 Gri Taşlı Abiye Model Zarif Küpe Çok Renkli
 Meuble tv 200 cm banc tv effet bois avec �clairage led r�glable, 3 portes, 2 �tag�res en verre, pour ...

* * *

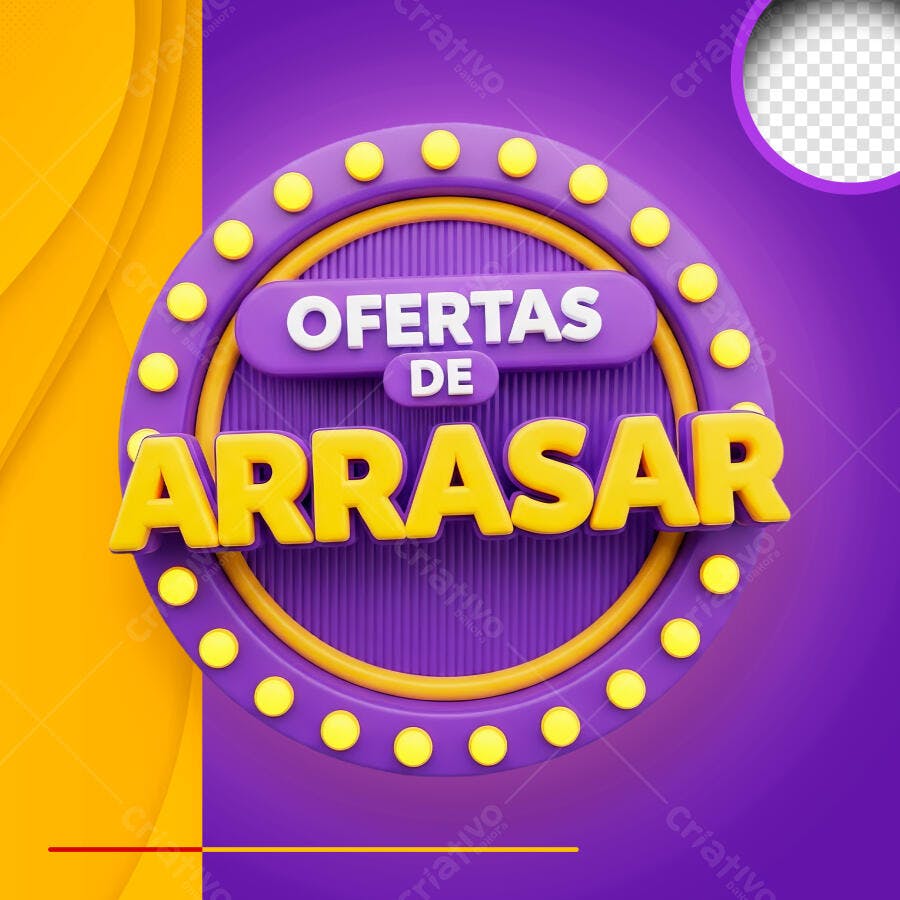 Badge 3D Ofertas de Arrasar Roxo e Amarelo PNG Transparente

# Directions for this task:
Could you write out, exactly as they stand, only the lines above that begin at the line with "Gri Taşlı Abiye Model Zarif Küpe Çok Renkli" and stop after the line with "Meuble tv 200"?

# Expected answer:
 Gri Taşlı Abiye Model Zarif Küpe Çok Renkli
 Meuble tv 200 cm banc tv effet bois avec �clairage led r�glable, 3 portes, 2 �tag�res en verre, pour ...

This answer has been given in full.